[XML-SIG] Re: Issues with Unicode type

Lars Marius Garshol larsga@garshol.priv.no
26 Sep 2002 11:42:58 +0200


* Lars Marius Garshol
|
| Actually, Windows 2000 displays non-BMP characters just fine. MSIE
| can be made to do it, Opera 6.0 does it just fine, Mozilla does not
| (I think) do it.

* Martin v. Loewis
| 
| Can you demonstrate this? 

I don't know why my word alone is not enough, but here you go:
  <URL: http://www.garshol.priv.no/tmp/nonbmp.png >

The page contains instructions for how to enable the display of such
characters. Note that I never did anything to enable surrogate support.

| I failed trying for myself, because:
| 
| - I have no fonts that has characters outside the BMP,

Use James Kass's Code 2001.

| - OpenType fonts that want to include non-BMP characters need
|   to char-to-glyph tables, one for UCS-2, and one for UCS-4.
| 
|   Reportedly, W2k will only use the UCS-2 table in a font that
|   contains non-BMP characters, so I somewhat doubt your statement. WXP
|   reportedly does support such fonts - but I have none.

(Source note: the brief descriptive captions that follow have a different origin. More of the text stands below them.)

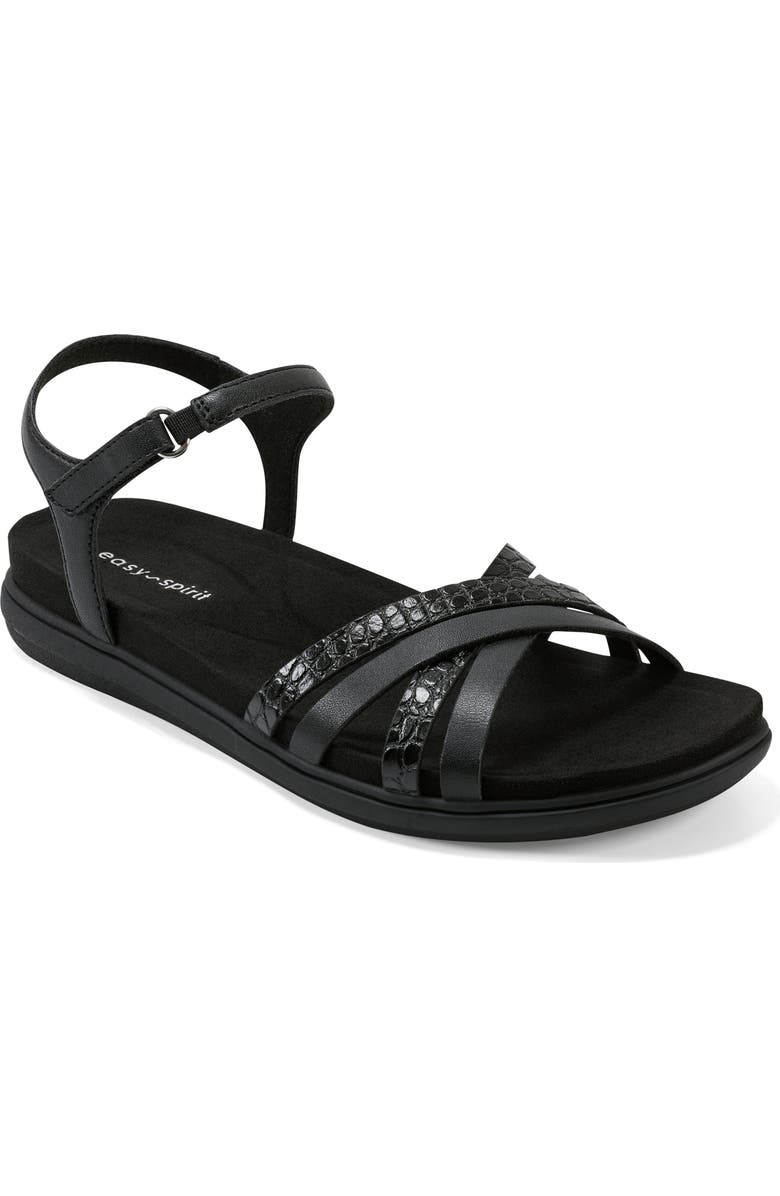 Easy Spirit Dottle 3 Sandal, Main, color,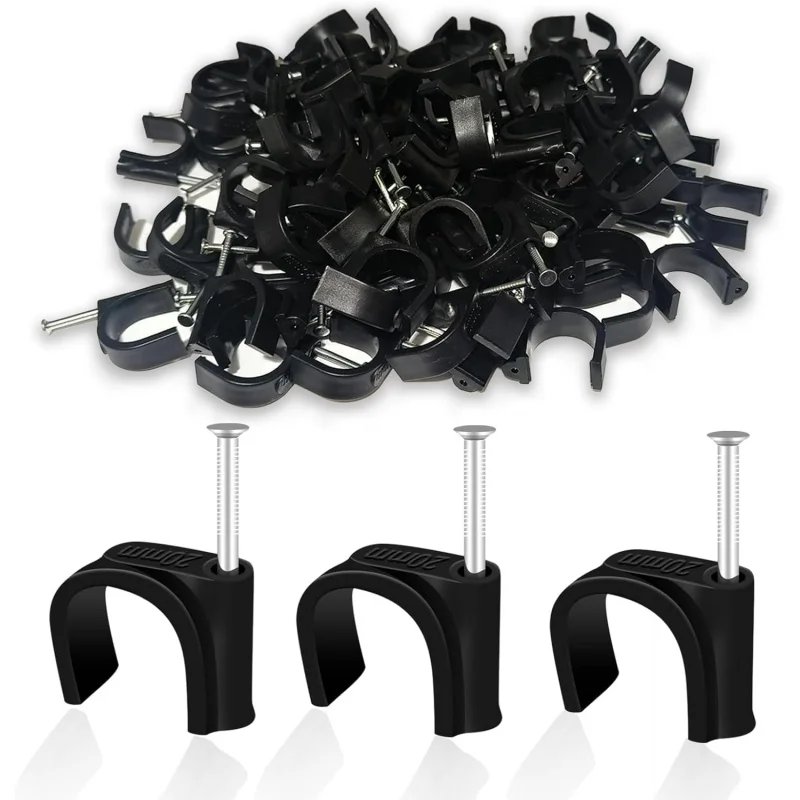 50 Pcs Pex Hangers … - image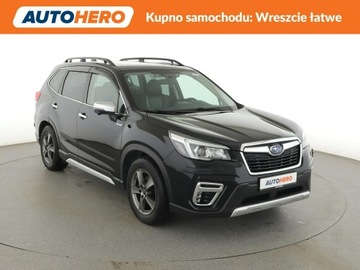 Subaru Forester V 2020 Subaru Forester LPG 4x4 automat skóra panorama, zdjęcie 9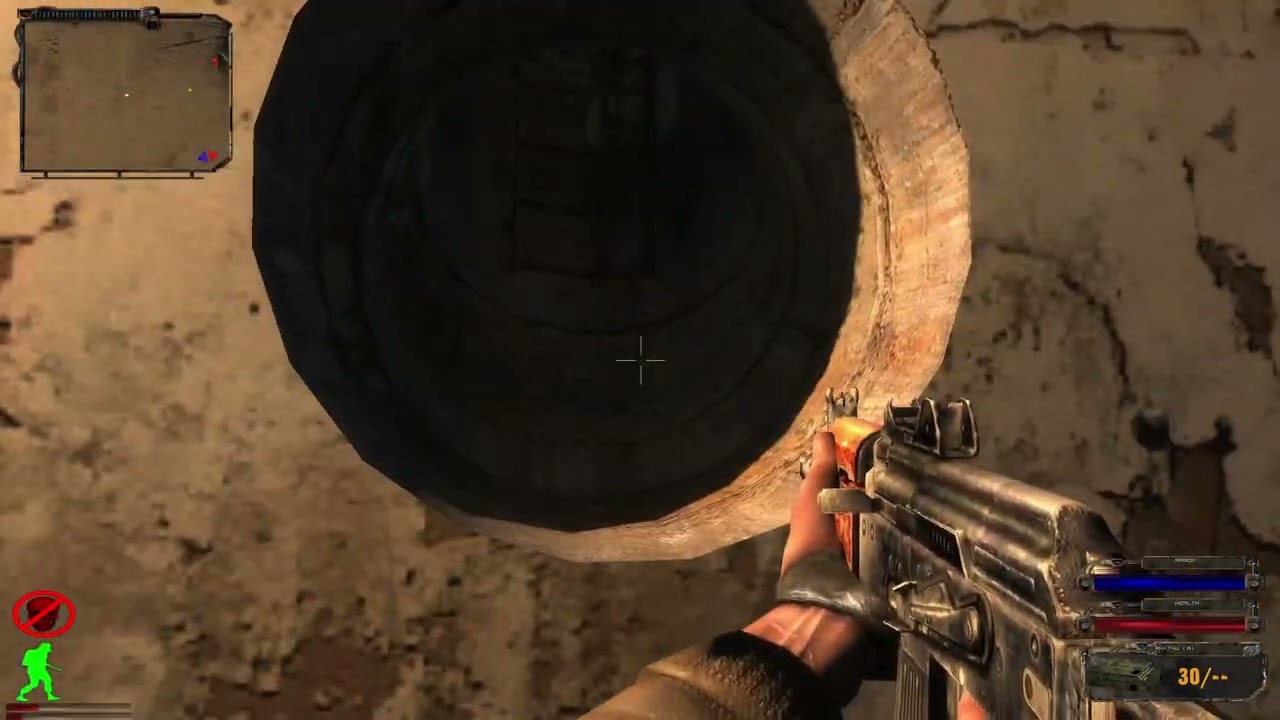 Build 2232 agr underground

The screenshot above is taken on Windows 2000. The font is Code 2001.

* Lars Marius Garshol
|
| Also, there are locales where non-BMP characters are essential.
| Cantonese is probably the best example. You can't write the
| Cantonese equivalent of the "-ing" ending in Cantonese with the
| BMP...
 
* Martin v. Loewis
|
| W2k/WXP support GB18030 with a special support package, but the font
| included (SimSun18030 aka NSimSun) does *not* support the CJK
| Extensions B, only CJK extensions A.

That may well be. In Opera we have our own GB 18030 converter. I would
prefer to pretend that the wretched mess does not exist, but contracts
with mainland Chinese companies require us to support it.
 
* Lars Marius Garshol
|
| Is the plan that Python will eventually be UCS-4 only?
 
* Martin v. Loewis
|
| It's my plan, but I think I don't share this plan with GvR. When I
| first presented a Unicode type for Python on IPC6, Guido was quite
| upset about my proposal to use a 4-byte wchar_t as the underlying
| type, since he considered the space wastage unacceptable.
| 
| When Fredrik and I implemented PEP 261, I had to back out my change
| to make Py_UNICODE equal to wchar_t by default if wchar_t is four
| bytes.

That's sad. It would be good if we could eventually get Python to be
all UCS-4. 

-- 
Lars Marius Garshol, Ontopian         <URL: http://www.ontopia.net >
ISO SC34/WG3, OASIS GeoLang TC        <URL: http://www.garshol.priv.no >